Chester Anton Mathias Hansen (born May 1, 1992) is a Canadian musician and songwriter, best known as bassist of instrumental group BADBADNOTGOOD. As a Grammy Award-winning songwriter, Hansen often works with his bandmates and producer Frank Dukes and is credited for co-writing hit songs by Drake, Kendrick Lamar, Daniel Caesar, and Kali Uchis, among others.

Personal life and career 
Hansen was born on May 1, 1992, in Ottawa, Ontario. He was raised in the Nepean area of the city and attended Canterbury High School, a local arts magnet school. Growing up, he played piano and shifted his focus to the bass during high school. Beginning in his teens, Hansen worked on and released music which combined hip-hop, jazz, and electronic influences.

In 2010, Hansen began attending Humber College in Toronto to study music performance. In his first year, he met fellow music students Alexander Sowinski and Matthew Tavares and began collaborating with them, creating what would become BADBADNOTGOOD. The band had viral success in 2011 after posting jazz covers of Odd Future songs online, and released their debut record that Fall. He withdrew from school in February 2012.
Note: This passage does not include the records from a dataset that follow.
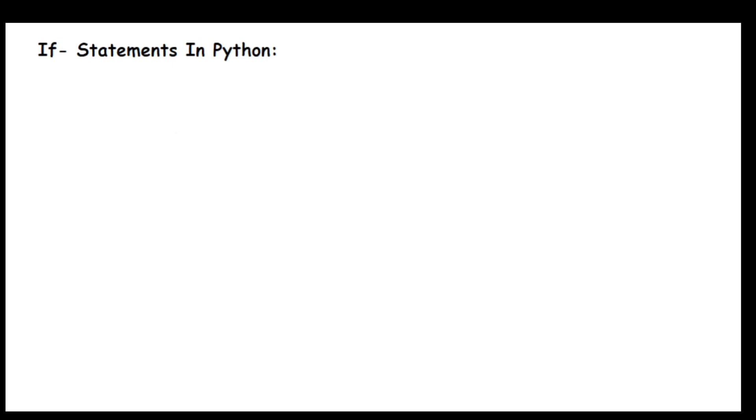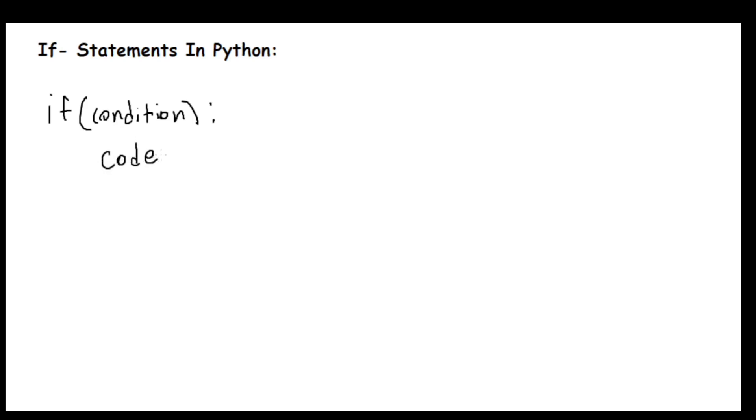The way an if statement works in Python is: there is an if, then a condition, a colon, and then the code you want to execute if the condition is true.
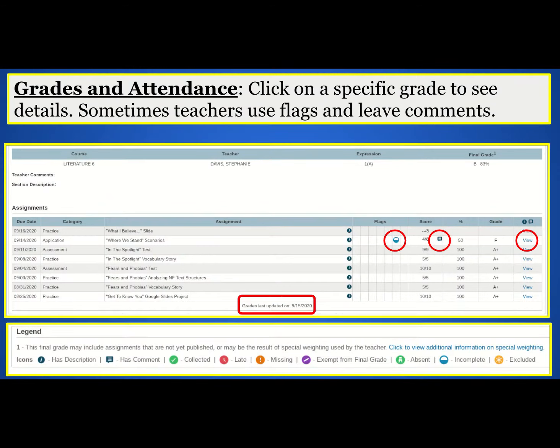PowerSchool provides insight into your child's overall grade in each of his or her classes. You also have the option to click on each course to see grades for individual assignments. When reviewing grades with your student, please pay attention to any flags or comments that the teacher may have left. There's a legend at the bottom of the page that explains what each icon means.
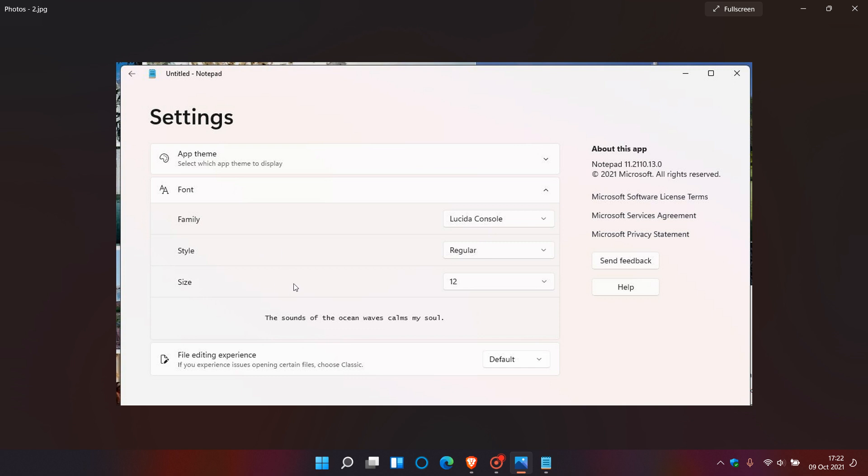Then your file editing experience: if you experience issues opening certain files, choose classic. So you can go from default back to classic.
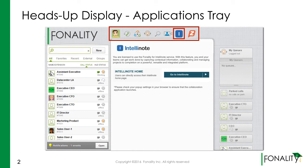IntelliNotes provides a robust program management and document sharing environment for projects that require a collaborative, team-based solution.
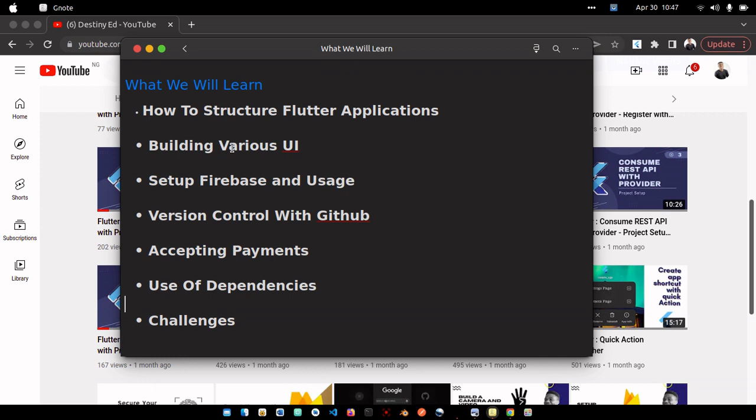I'm also going to show you how to create a GitHub repository, how to push your code to GitHub, how to add commit messages, and how to stage your projects for pushing to GitHub.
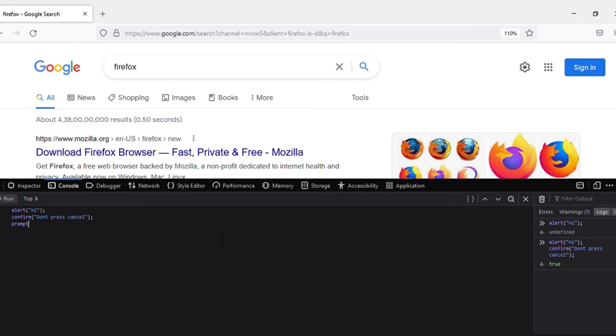So prompt, we can write questions and we can also answer in it. For example, I'll show you how to do it now. I'll write a question: 'what is your name'.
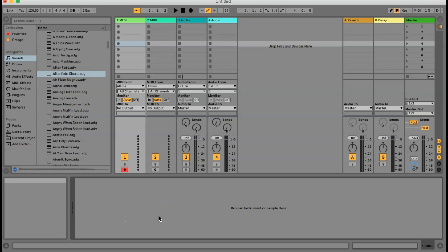Hey guys, in today's episode I'm going to show you how you can create your own drum kit — a custom drum kit in Ableton Live.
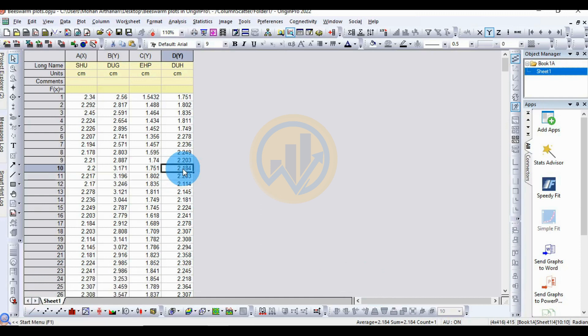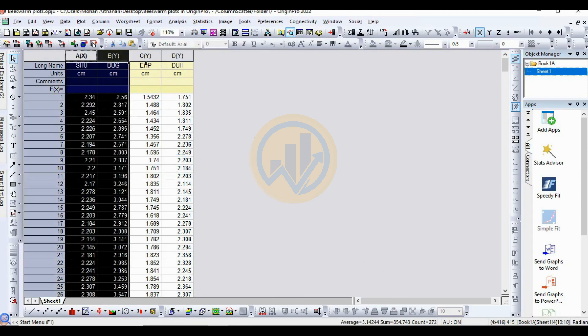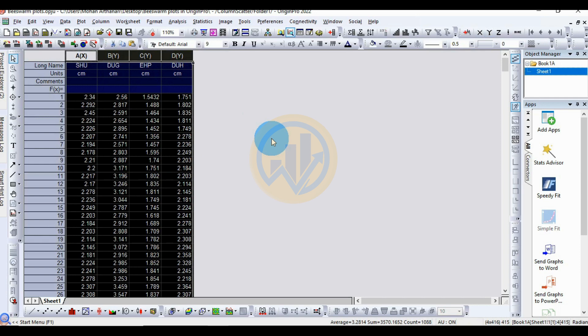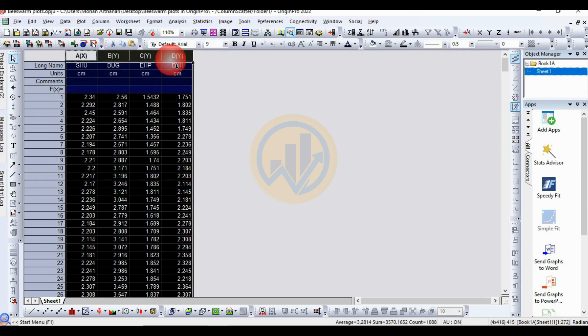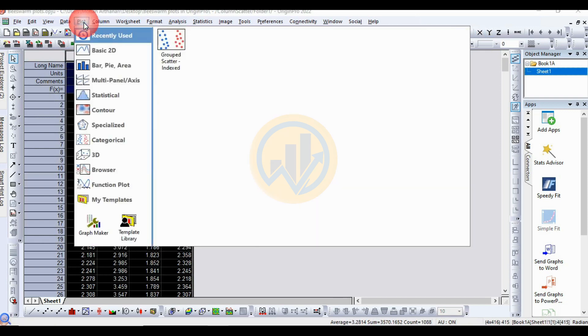Today we will discuss how to draw a beeswarm plot in the OriginPro software. The beeswarm plot is used for raw data samples only. This is for the raw data for four samples. Now let's draw the beeswarm plot in the OriginPro software.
With BBNG, Hansen has released five full-length albums, including a collaborative record with Ghostface Killah, and has been short-listed for the Polaris Music Prize twice.

In the early 2010s, Hansen began working with close BBNG collaborator Frank Dukes. With him, as well as other members of BBNG, they composed original music for hip-hop music sampling. Of note, fellow Canadian Drake used a song Hansen had written with Dukes, "Vibez," in his 2014 single "0 to 100 / The Catch Up" and another track was used in Rihanna's 2016 song "Sex with Me." As part of BBNG, Hansen also works as a songwriter and producer, which includes writing music for sampling as well as working with fellow artists in the studio.

Artistry 
Hansen's style and sound is often compared to that of the 1960s and 1970s, particularly because of his stocky, warm bass tone. One critic commented, "Hansen has married the sounds and dexterous, melodic playing style of yesteryear with a modern band and music scene."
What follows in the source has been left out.